What you have to do: Return exactly the lines of the data below, from the one that contains "Condor Zero Stress" through the final line, and leave out every picture.

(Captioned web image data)
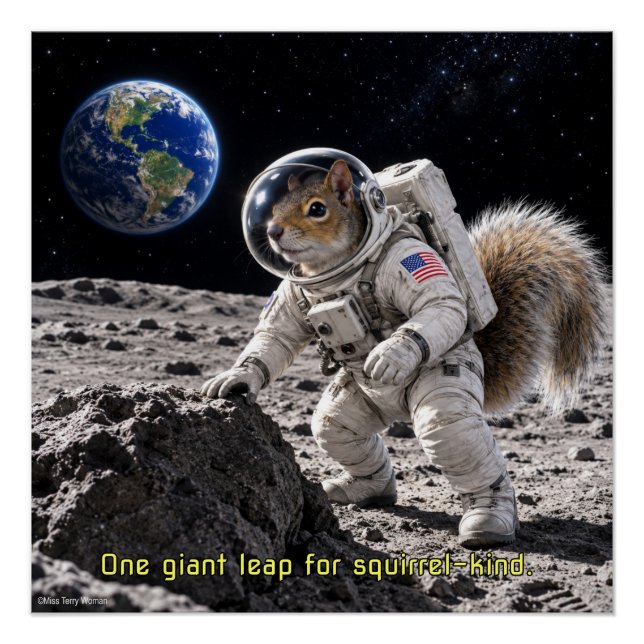 Poster Écureuil dans l'espace (Devant)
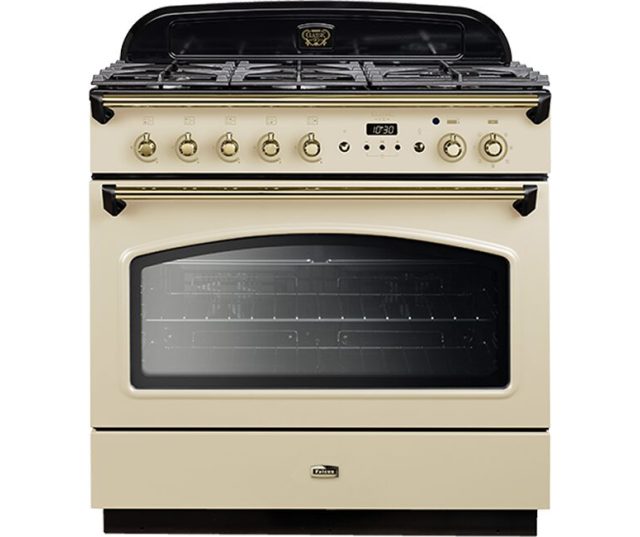 Falcon Classic 90 FXDFSB vooraanzicht creme met zilveren greep en zwarte oven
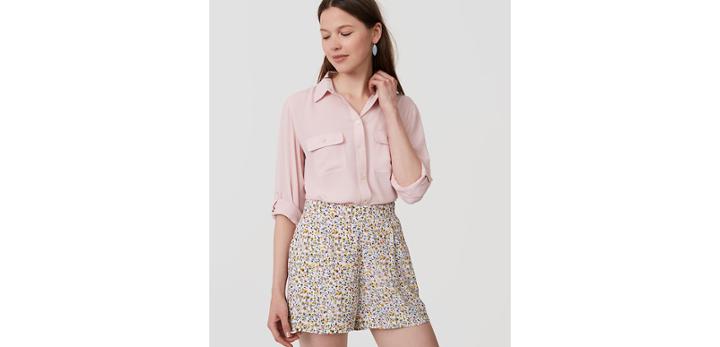 Loft Inked Floral Pleated Shorts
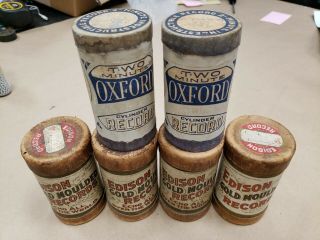 4 Edison Cylinder Records In Round Boxes 2 Oxford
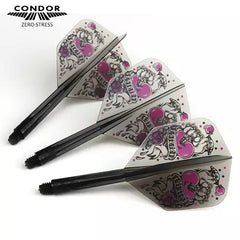 Condor Zero Stress Heart Small Flight Stems Shafts - Clear Black - S= 21.5mm - FutureDart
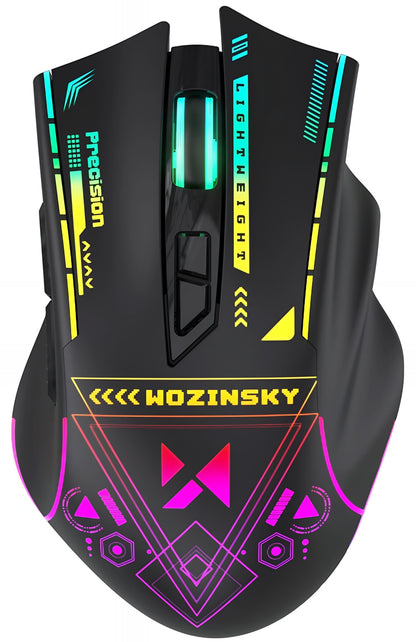 Wireless Gaming Maus WZK WMGB-3200, 3200DPI, RGB, Schwarz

Written answer:
 Condor Zero Stress Heart Small Flight Stems Shafts - Clear Black - S= 21.5mm - FutureDart
 Wireless Gaming Maus WZK WMGB-3200, 3200DPI, RGB, Schwarz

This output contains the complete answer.